Öncelikle Canan Güllü’nün de söylediği gibi ensestin hangi illerde daha yaygın olduğuyla ilgili net bir rakam yok. Taciz, tecavüz ve ensest mağdurları suçun faillerinden beter cezalandırıldıkça, önce aileleri, sonra polis, doktor, mahkeme ve basın tarafından tekrar tekrar tecavüze uğradıkça da gerçekten hangi bölgede, kaç kadın ve çocuğun cinsel şiddetten etkilendiğini bilmemiz neredeyse olanaksız.
Kabul edelim, sahte istatistiklerin arkasında kendimizden uzaklaştırıp, Kürtlere, İslam’a, Doğu’ya, bizdendir demediğimiz kim varsa ona yapıştırarak üzerimize sıçrayan lekelerini silkmeye çalıştığımız şiddet, tek başına haber değeri taşımıyor. Bir köşesine ‘Kürt kökenli’ sıkıştıramadığımız, ağa dizisi kıvamında aşiretlerden bahsedemediğimiz, her haltı analiz etmezse ölecek hastalığımızı ‘feodal toplum yapısı, eğitimsizlik…’ ukalalıklarıyla süsleyemediğimiz şiddet haberleri üç saniyeden fazla yer etmiyor kafalarımızda. Belki ördeklere tecavüz eden sarhoş adam ya da safkan yarış atına tecavüz eden çapkın aygır gibi reyting rekortmeni, kahkaha garantili haberler istisna olabilir. Tecavüzün iç gıcıklayıcı, ağız sulandırıcı detaylarını vicdan azabı duymadan didiklemenin yolu: Ördekler, aygırlar ve Kürtlerden bahsetmek.
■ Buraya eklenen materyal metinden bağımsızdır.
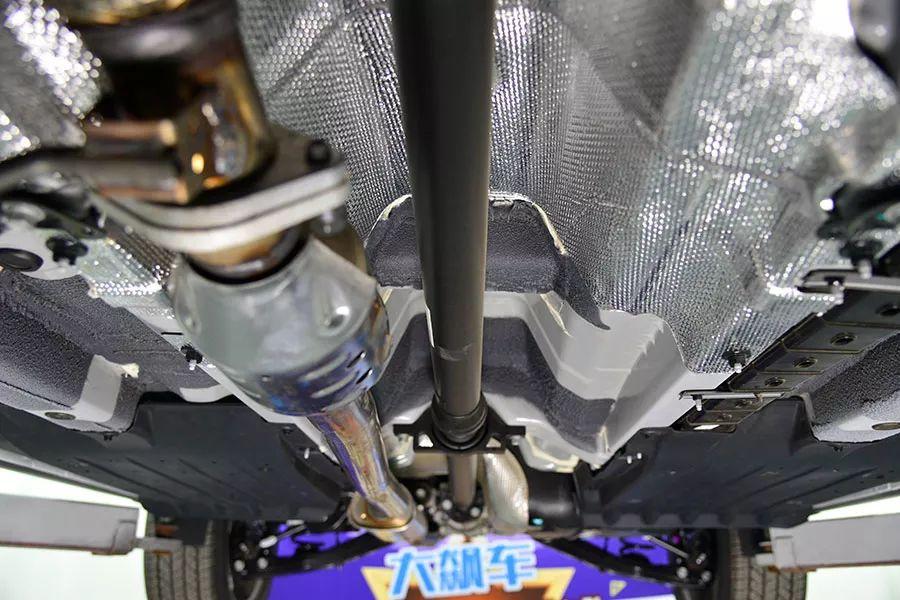 这是一辆纯粹的城市suv,拿它越野请谨慎!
İmren Aykut, kendisini savunmak için, ‘Her bölgede ensest ilişkiler olur ve bu bölgede biraz daha fazla olduğunu söylüyorum. Çünkü bu bölgede bu durumlara bağlı intihar olayları daha fazla oluyor. Ben bölgenin halkını itham etmiyorum.’ diyor.
Peki, diyelim ki gerçekçi rakamlara ulaşmanın bir yolu bulundu ve Doğu’da cinsel şiddetin daha yaygın olduğu ortaya çıktı. O zaman tükürdüğümüzü yalayıp, ‘Bu azgın Kürtler dağda silaha, evde karılarına sarılırlar.’ korosuna katılmamız mı gerekecek? Yanlış kültürlerini hizaya çekmek için eğitim seferberliği mi başlatacağız (çünkü milli ders kitaplarımızı sıksan toplumsal cinsiyet eşitliği, şiddetsizlik ve sağlıklı cinsellikle ilgili mesajlar fışkırıyor), yoksa çok yakında yeniden önümüze gelecek hadım yasasının denekleri olarak mı kullanacağız?
‘Ama devlet şiddeti, savaş, ayrımcılık, etnik eşitsizlik topluluk içindeki şiddeti de, toplumsal cinsiyet eşitsizliğini de körüklüyor. Bunları çözelim.’ desek İmren Aykutgiller kaç saniyede suspus oluyor görmek isterim. Mesele tecavüz, ensest gibi kimsenin laf edemeyeceği kadar meşru bir sorunu ırkçılığa alet etmek olunca gerçek çözümler de konuşulmuyor.